PROBLEM TO WORK ON: A line below contains "Brass Rhinestone Spacer", and a later one contains "נעליים D4T8160 Nubikk". Repeat both, with every line between them, exactly.

[Scraped caption text data]
----------

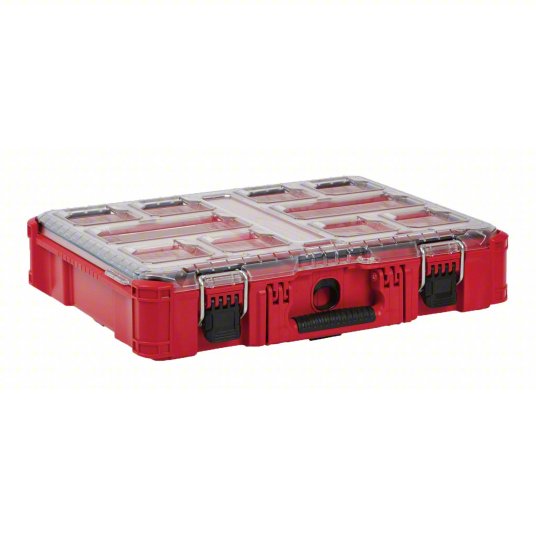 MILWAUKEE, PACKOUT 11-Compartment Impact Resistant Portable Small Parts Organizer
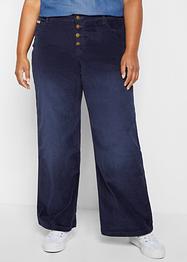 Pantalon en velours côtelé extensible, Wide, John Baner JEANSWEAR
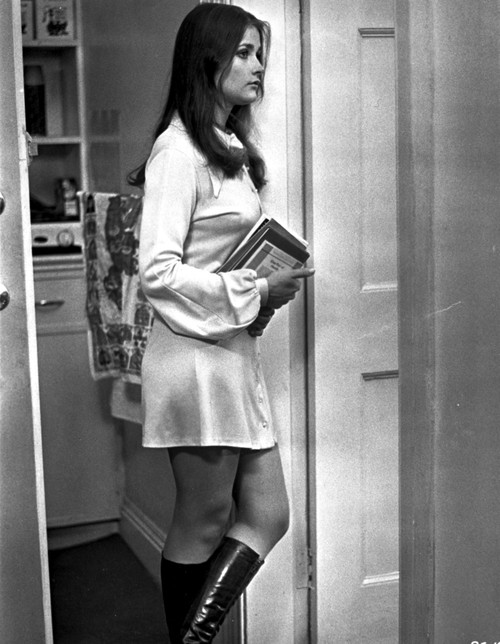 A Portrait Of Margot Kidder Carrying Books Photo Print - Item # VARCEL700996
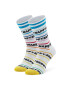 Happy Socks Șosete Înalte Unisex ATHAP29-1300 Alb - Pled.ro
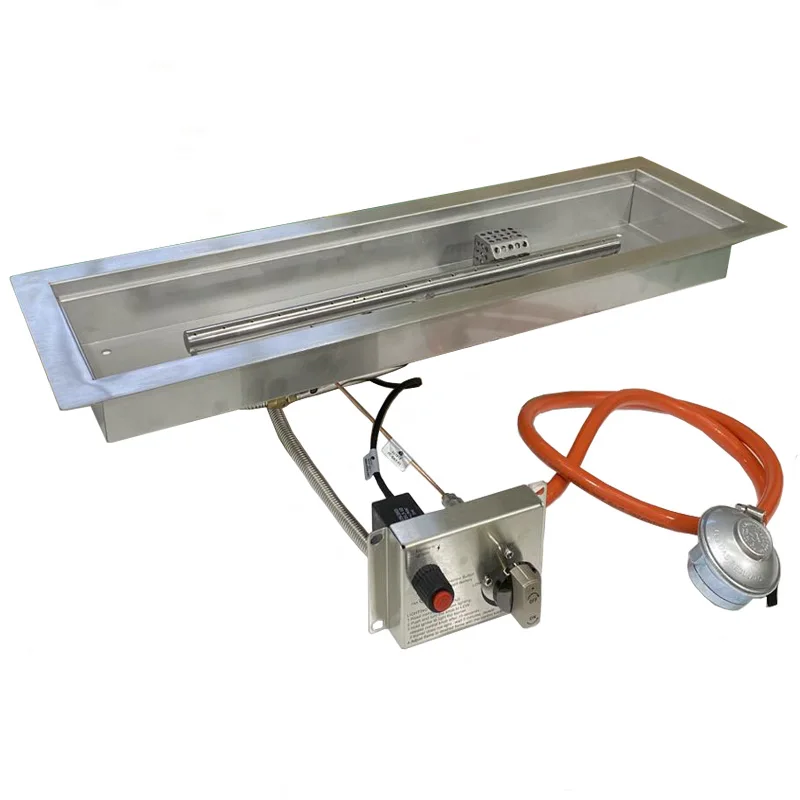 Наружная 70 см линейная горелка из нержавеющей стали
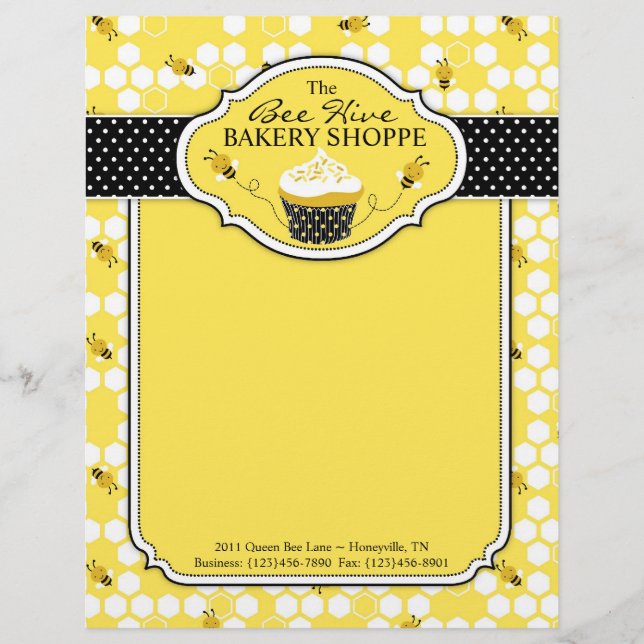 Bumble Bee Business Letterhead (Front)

----------

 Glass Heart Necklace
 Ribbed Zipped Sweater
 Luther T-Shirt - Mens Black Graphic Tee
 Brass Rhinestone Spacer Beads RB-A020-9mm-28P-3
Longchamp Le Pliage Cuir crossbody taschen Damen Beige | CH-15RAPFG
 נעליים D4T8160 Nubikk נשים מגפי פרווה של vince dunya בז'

----------

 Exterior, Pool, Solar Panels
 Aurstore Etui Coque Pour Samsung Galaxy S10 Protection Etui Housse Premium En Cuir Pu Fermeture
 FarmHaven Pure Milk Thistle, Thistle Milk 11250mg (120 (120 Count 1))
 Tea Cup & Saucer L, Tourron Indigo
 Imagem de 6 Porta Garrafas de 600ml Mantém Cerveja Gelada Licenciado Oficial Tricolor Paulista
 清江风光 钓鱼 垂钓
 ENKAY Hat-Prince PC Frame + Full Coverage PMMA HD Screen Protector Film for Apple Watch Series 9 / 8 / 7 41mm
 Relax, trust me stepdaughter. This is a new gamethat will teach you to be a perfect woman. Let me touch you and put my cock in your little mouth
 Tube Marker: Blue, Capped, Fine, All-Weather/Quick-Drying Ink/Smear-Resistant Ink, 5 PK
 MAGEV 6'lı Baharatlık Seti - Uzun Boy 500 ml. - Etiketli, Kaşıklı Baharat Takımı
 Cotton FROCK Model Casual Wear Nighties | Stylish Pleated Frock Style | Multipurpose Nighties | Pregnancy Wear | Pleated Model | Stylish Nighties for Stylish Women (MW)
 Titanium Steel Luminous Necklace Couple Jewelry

----------

EXPECTED ANSWER:
 Brass Rhinestone Spacer Beads RB-A020-9mm-28P-3
Longchamp Le Pliage Cuir crossbody taschen Damen Beige | CH-15RAPFG
 נעליים D4T8160 Nubikk נשים מגפי פרווה של vince dunya בז'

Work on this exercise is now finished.